As such, far from being “a major historic moment,” today’s meeting was merely the resumption of a process that began in 2005.
As to the one-hour meeting itself, held at the Great Hall of the People in Beijing, whoever was expecting a bombshell will be hugely disappointed: more pablum hopes for continued cross-strait exchanges, reaffirmations of the confabulatory-yet-useful “1992 consensus” as the basis for such exchanges, economic cooperation and other issues. State-run Central News Agency may have headlined one of its articles on the meeting “Important talks between ruling parties of Taiwan, China underway,” but the reality is, we’ve heard it all before, and the script would look oddly familiar to anyone who was in the room when Hu and Xi met with Chu’s predecessors.
Chu’s summit with Xi is more symbolism than substance. Back in January, Chu inherited a party that had just suffered one of its most scathing electoral defeats ever, deservingly trounced in the Nov. 29 “nine-in-one” local elections. Nearly four months on, his party remains stuck in a rut, riven by factionalism and seemingly unable to select a viable candidate to run against the DPP’s Tsai Ing-wen in the January 16, 2016, presidential election (Chu, who is also mayor of New Taipei City, maintains that he will not run, and faces the prospect of very damaging leaks to the press by his enemies within the party should he change his mind). What’s more, the current sentiment against the KMT is such that Chu could very well see his party lose control of the legislature on the same day, as the elections will be held concurrently.

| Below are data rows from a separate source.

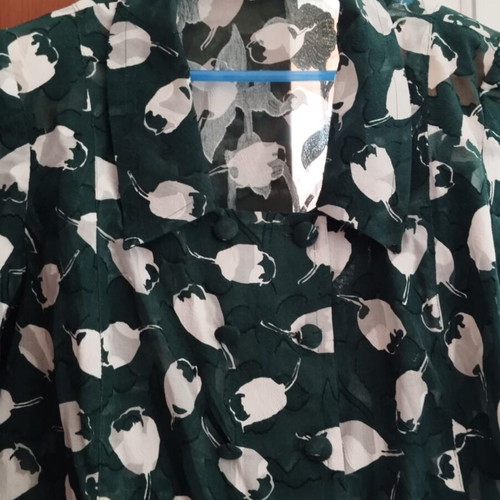 Spring suit like new, handmade, size L-XL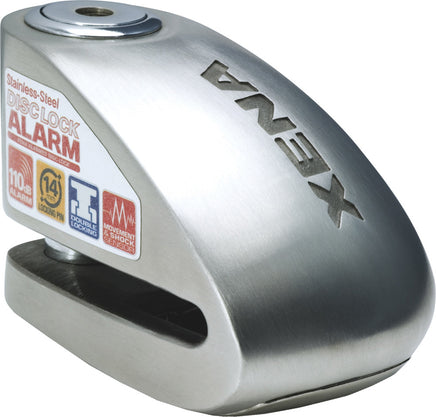 Xena XZZ6L Motorcycle Disc Lock Alarm - Santa Clara Cycle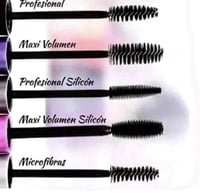 Image 5 of Prosa Micro Fibras Black - 4 en 1 Eyelash Mascara ( light great сар )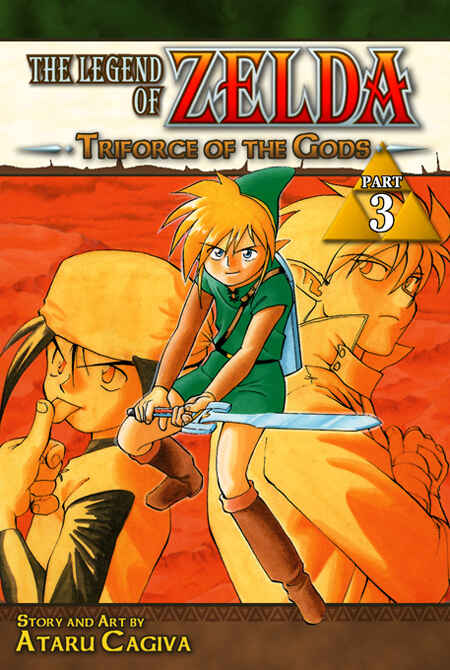 Page 20 Chapter 13 The Legend of Zelda: A Link to the Past (CAGIVA Ataru)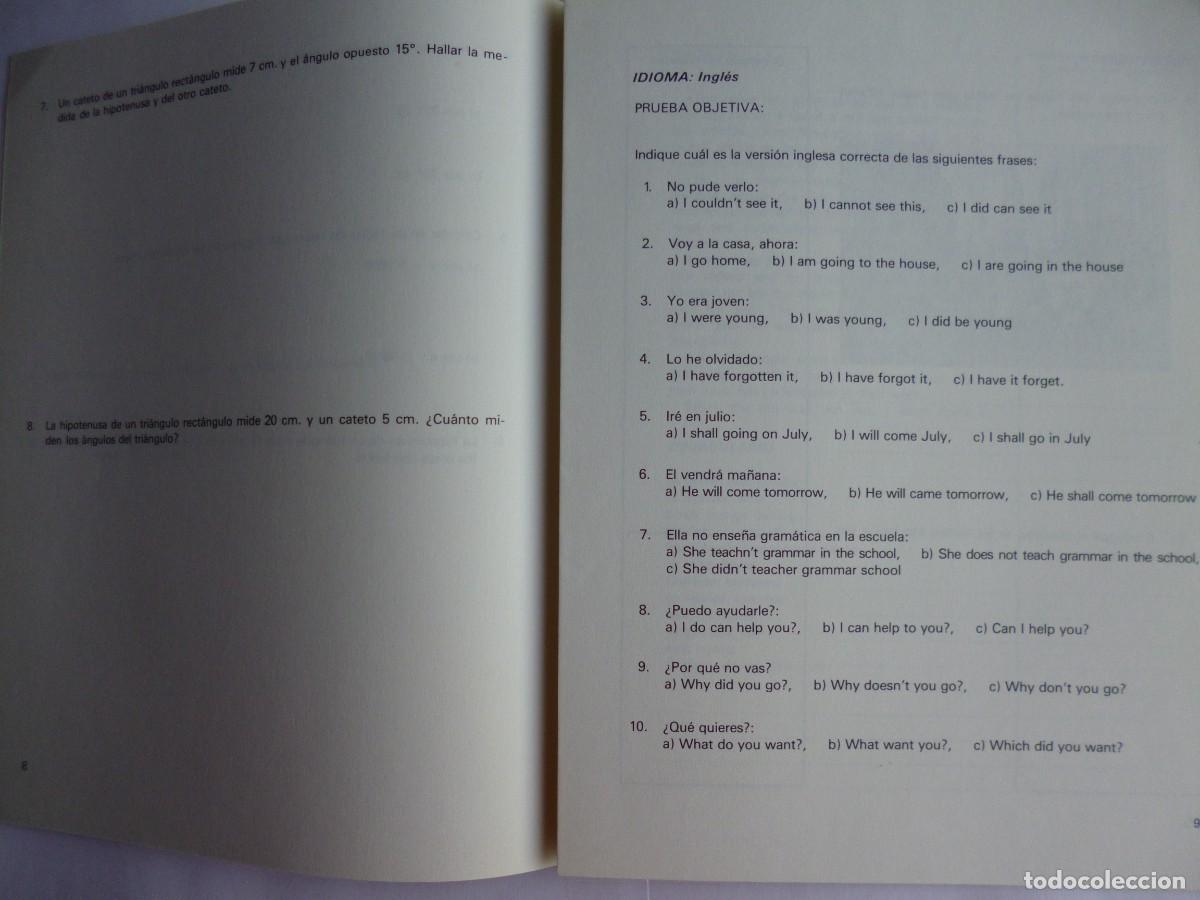 Otros: Curso Graduado Escolar CCC. - Foto 7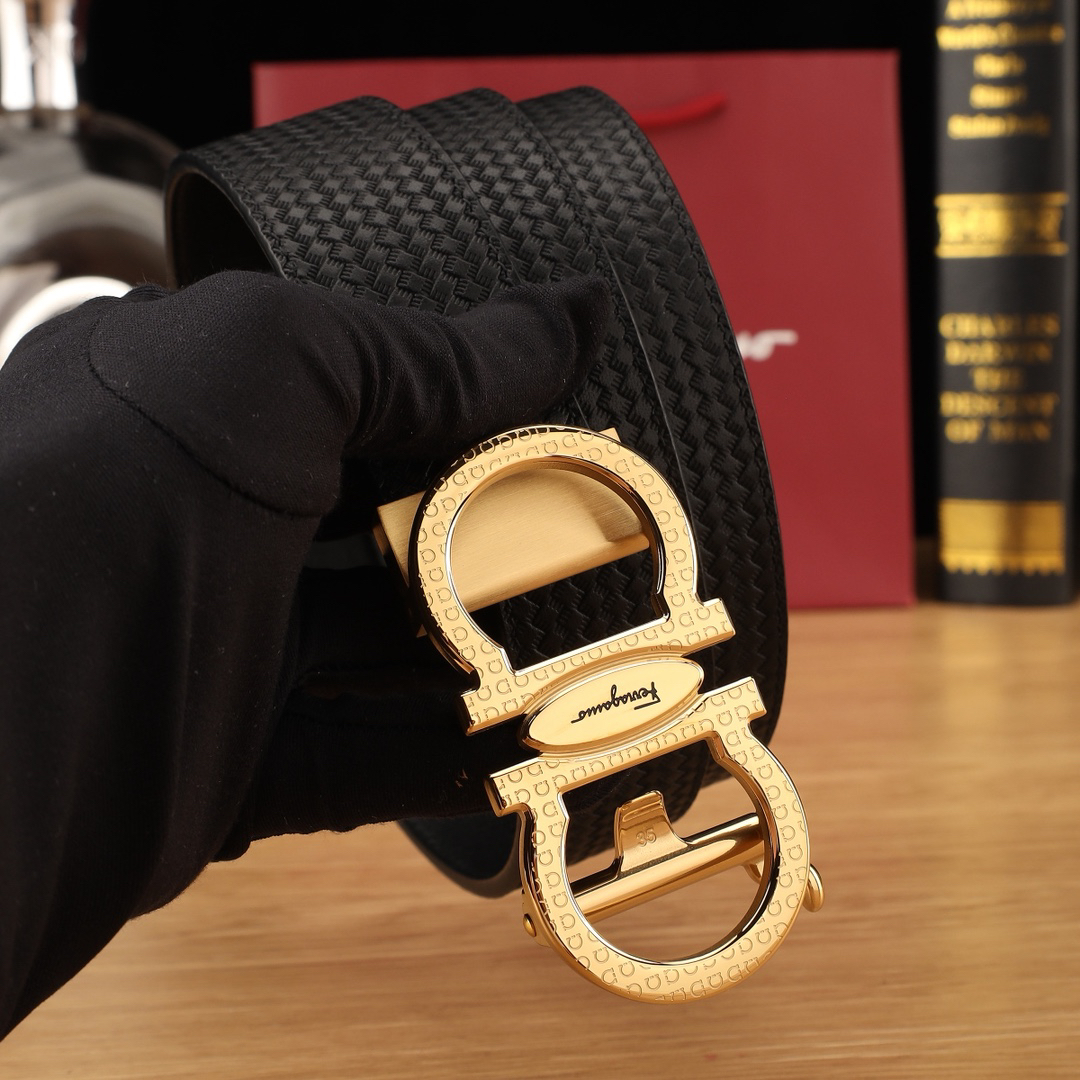 Ferragamo belt-83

Like any other political figure in such a predicament, Chu had to do something to bolster his legitimacy. A journey to China and a meeting with the CCP secretary general, all amplified by friendly media, served that purpose. Unable to come up with anything else at the moment, this was the one thing that the KMT could accomplish that is currently denied to the DPP. Pro-independence movements back in Taiwan wasted a lot of energy prior to Chu’s departure; they missed the point of his visit. Not only was it purely symbolic, the political sentiment in Taiwan being what it is at the moment, Chu could not possibly have said or committed to anything controversial (and potentially damaging to Taiwan) without further hurting his party’s chances in the 2016 elections (hence the platitudes). And Chu, a competent politician who may be more risk averse and is certainly more attuned to domestic sentiment than Ma, knows that very well. Despite using typically safe language emphasizing the KMT’s opposition to Taiwan independence and remaining silent when Xi issued the standard warnings against “semantic erosions,” Chu is conscious that anything which departs from the middle ground and “status quo” espoused by Ms. Tsai—the continued existence of Taiwan as a de facto sovereign state characterized by a liberal and democratic way of life—is a non-starter with the majority of Taiwanese—including most KMT voters—however much Beijing would like to move the goalposts.
The Chu-Xi meeting was much ado about nothing. The real “historic moment” will occur when the Chinese president agrees to meet a Taiwanese/ROC president, or extends an invitation to the DPP chairperson without the preconditions that thus far have made such a meeting impossible.